When you upload, your account is temporarily linked to the rows of content you add. This is so janitors can group petitions by who makes them, undo large mistakes easily, and even leave you a brief message (like "please stop adding those clothing siblings") for your client to pick up the next time it syncs your account. After the temporary period is over, all submissions are anonymised. So, what are the privacy concerns with that? Isn't the account 'Anon'?

Privacy can be tricky. Hydrus tech is obviously far, far better than anything normal consumers use, but here I believe are the remaining barriers to pure Anonymity, assuming someone with resources was willing to put a lot of work in to attack you:

I am using the PTR as the example since that is what most people are using. If you are uploading to a server run between friends, privacy is obviously more difficult to preserve--if there are only three users, it may not be too hard to figure out who is uploading the NarutoXSonichu diaperfur content! If you are talking to a server with a small group of users, don't upload anything crazy or personally identifying unless that's the point of the server.

account history anonymisation

As the PTR moved to multiple accounts, we talked more about the potential account cross-referencing worries.
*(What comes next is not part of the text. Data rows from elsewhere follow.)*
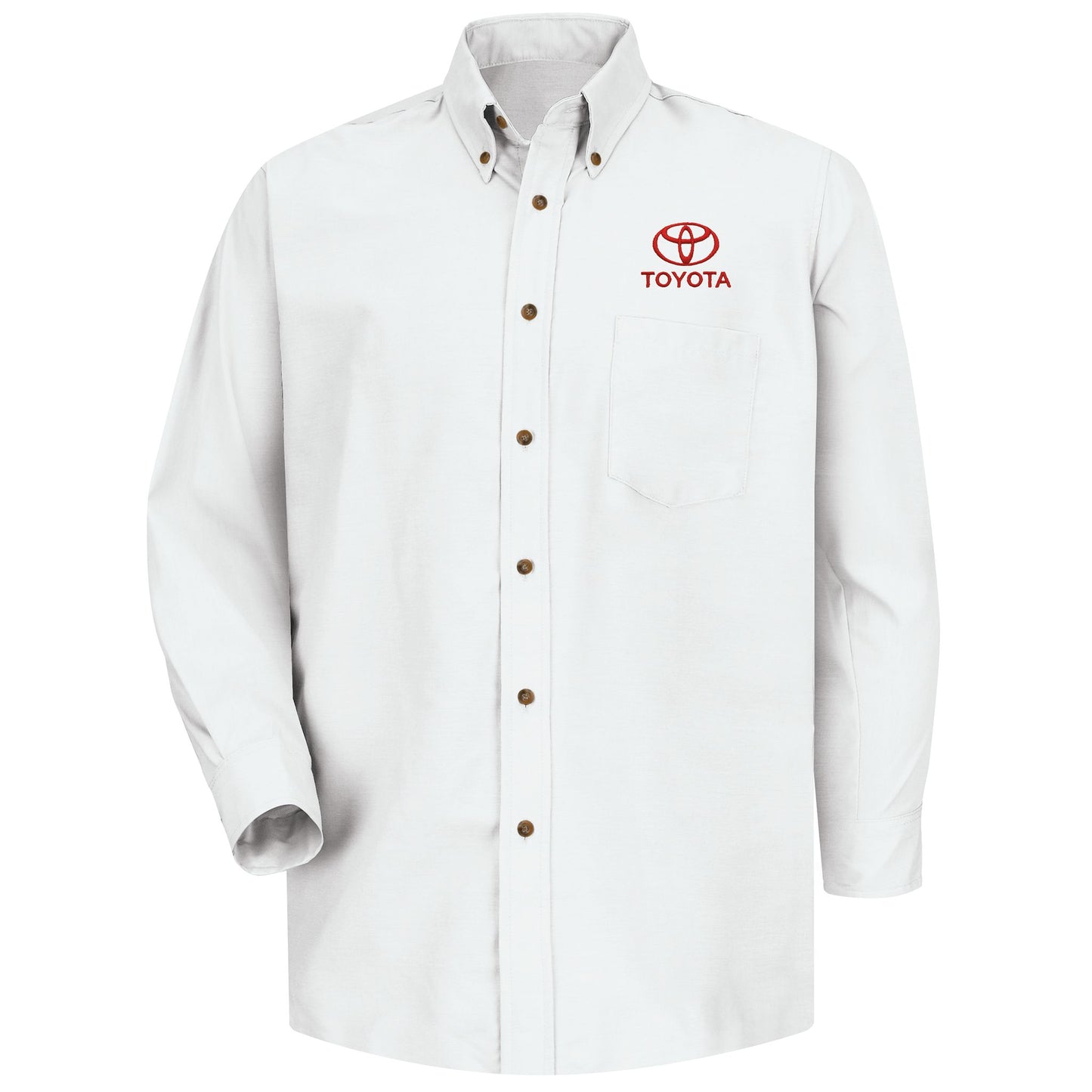 Toyota® Men's Long Sleeve Poplin Dress Shirt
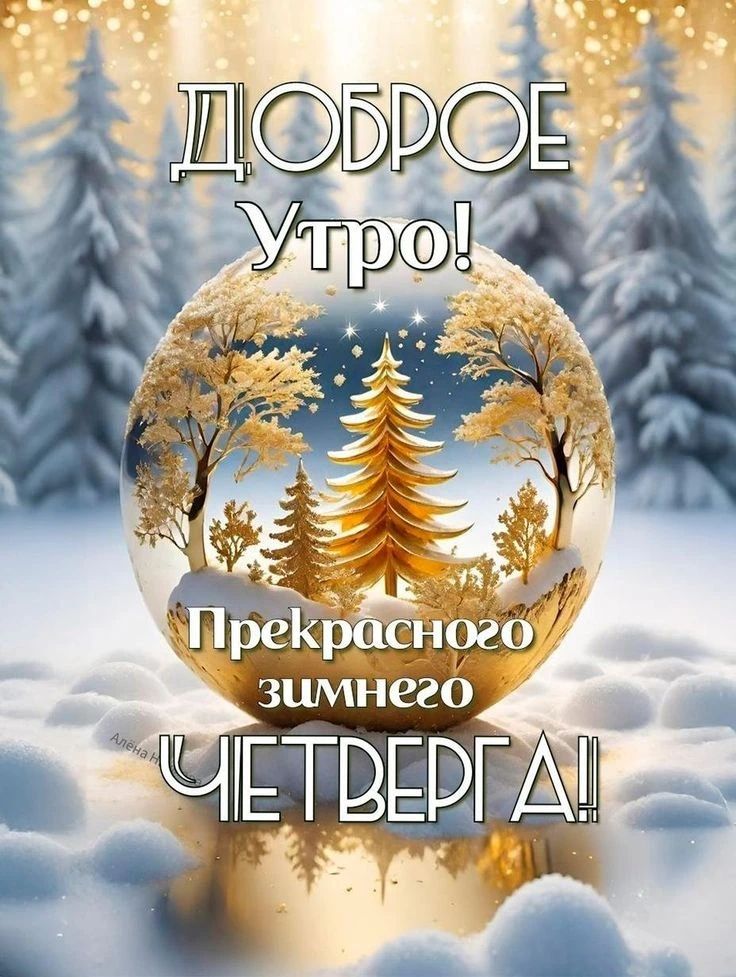 Доброе утро! Прекрасного зимнего четверга!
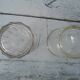 2 jam jars old glass glass epais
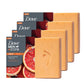 Dove Men Cleansing Bar Soap  - Blood Orange + Sea Salt - 4 in 1 w/ Plant-Based Cleanser and Natural Oils 5oz (Pack of 4)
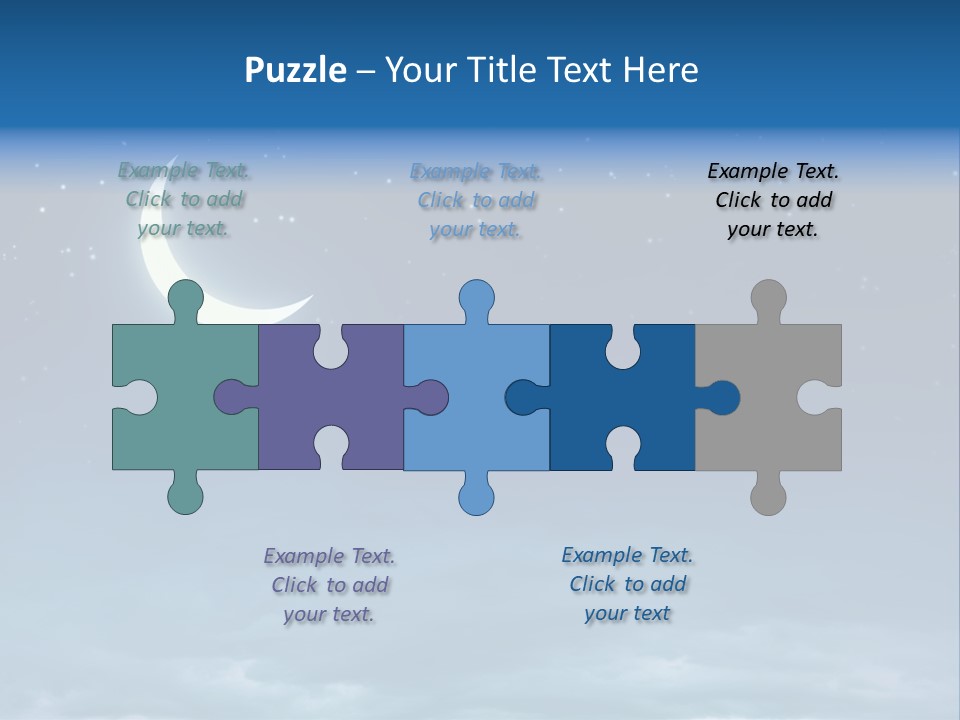 Fantasy Twinkle Twinkling PowerPoint Template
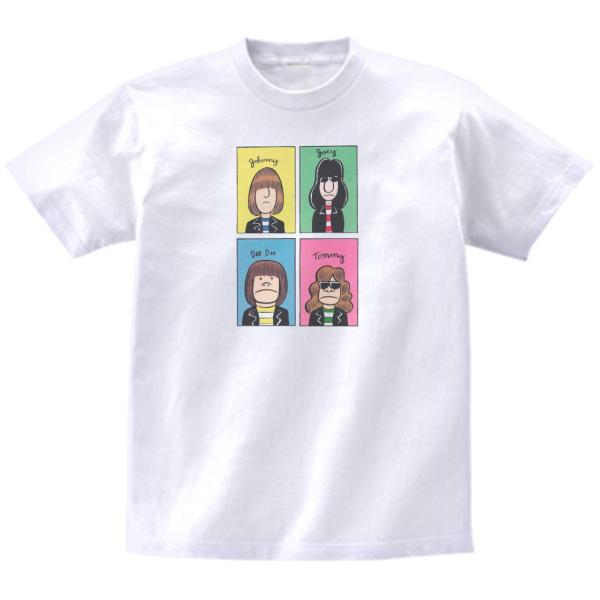 ラモーンズ Ramones　音楽Tシャツ ロックTシャツ バンドTシャツ ハイクオリティヘビーウェイ...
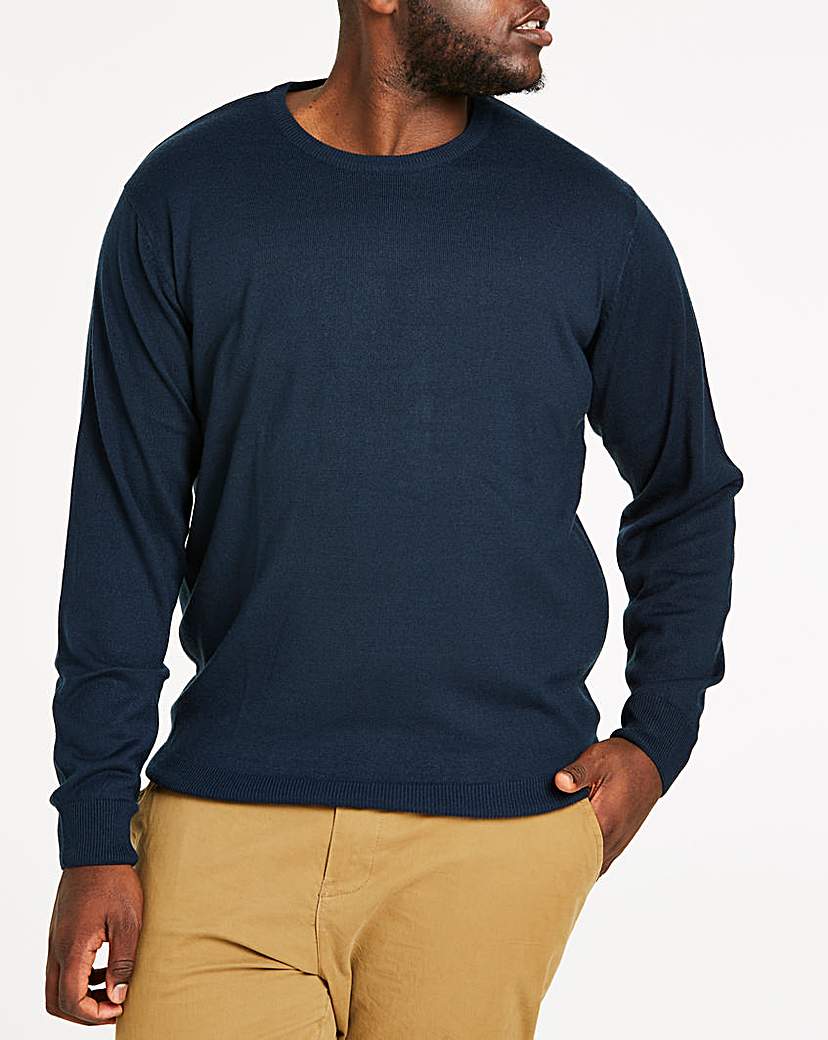 Navy Crew Neck Jumper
The threats are marginal today, but it may be a real problem in future. If the server database files were to ever fall into bad hands, having a years-old record of who uploaded what is not excellent. Like the AOL search leak, that data may have unpleasant rammifications, especially to an intelligent scraper in the future. This historical record is also not needed for most janitorial work.

Therefore, hydrus repositories now completely anonymise all uploads after a certain delay. It works by assigning ownership of every file, mapping, or tag sibling/parent to a special 'null' account, so all trace that your account uploaded any of it is deleted. It happens by default 90 days after the content is uploaded, but it can be more or less depending on the local admin and janitors. You can see the current 'anonymisation' period under review services.

If you are a janitor with the ability to modify accounts based on uploaded content, you will see anything old will bring up the null account. It is specially labelled, so you can't miss it. You cannot ban or otherwise alter this account. No one can actually use it.